What you need to do
Under this line sits a listing. Repeat exactly and only its lines from the one holding "Dog Bark Deterrent" through the one holding "Set of 2: Chenille"; skip pictures.

Task data
──────────────────────────────

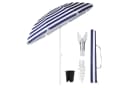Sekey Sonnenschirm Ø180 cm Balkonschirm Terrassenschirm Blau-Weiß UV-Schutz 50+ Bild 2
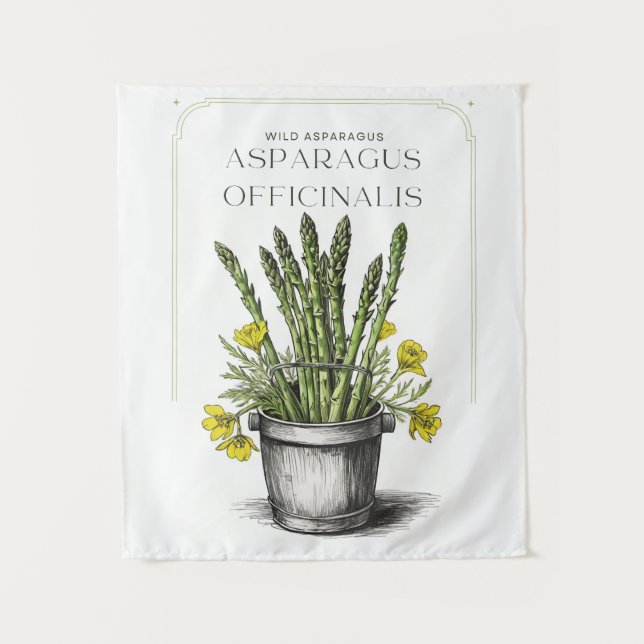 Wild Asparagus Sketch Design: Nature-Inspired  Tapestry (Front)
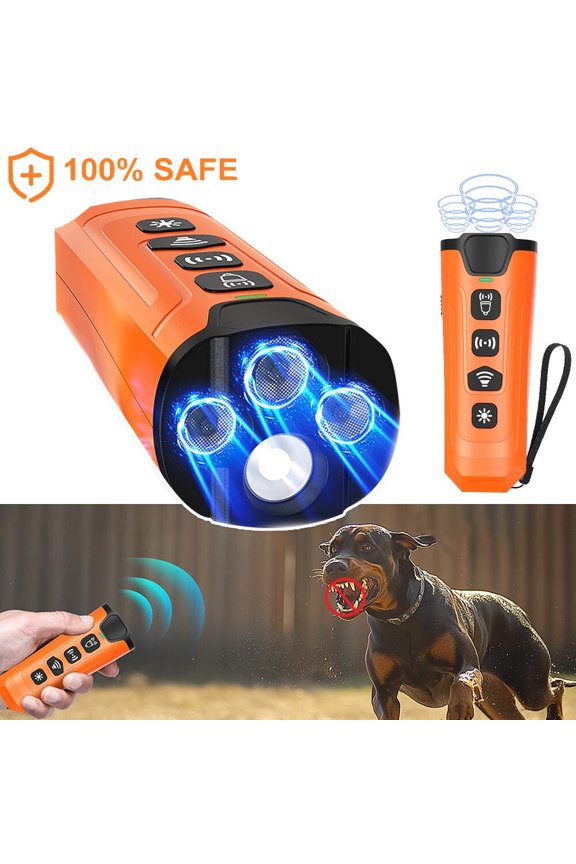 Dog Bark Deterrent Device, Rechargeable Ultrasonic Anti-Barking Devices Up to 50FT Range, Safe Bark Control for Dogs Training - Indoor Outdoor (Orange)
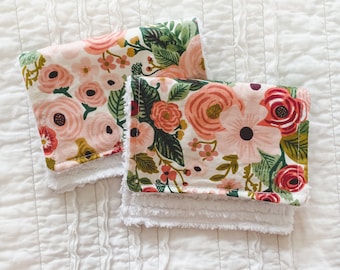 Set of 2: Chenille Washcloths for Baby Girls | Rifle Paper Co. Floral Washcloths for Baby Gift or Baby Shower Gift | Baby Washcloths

──────────────────────────────

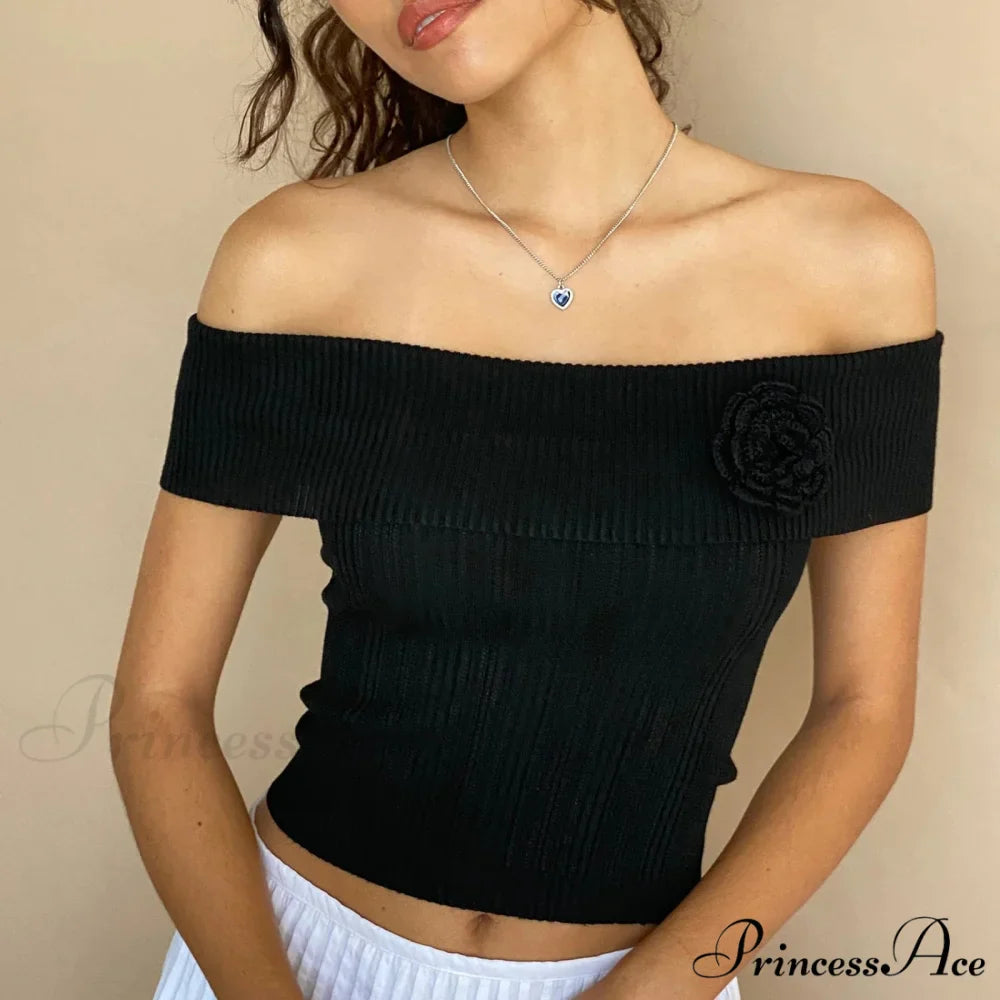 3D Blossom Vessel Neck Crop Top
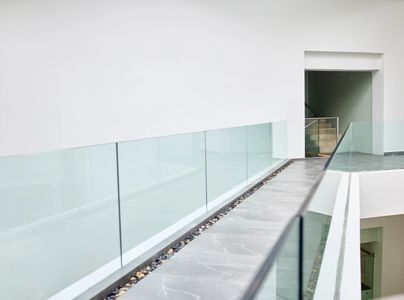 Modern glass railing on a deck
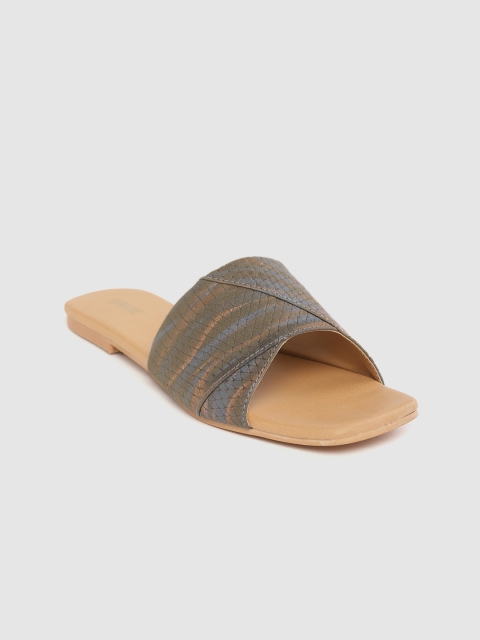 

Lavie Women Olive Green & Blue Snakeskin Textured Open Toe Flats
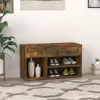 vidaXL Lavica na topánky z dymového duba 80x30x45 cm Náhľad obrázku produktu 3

──────────────────────────────

Answer space
 Dog Bark Deterrent Device, Rechargeable Ultrasonic Anti-Barking Devices Up to 50FT Range, Safe Bark Control for Dogs Training - Indoor Outdoor (Orange)
 Set of 2: Chenille Washcloths for Baby Girls | Rifle Paper Co. Floral Washcloths for Baby Gift or Baby Shower Gift | Baby Washcloths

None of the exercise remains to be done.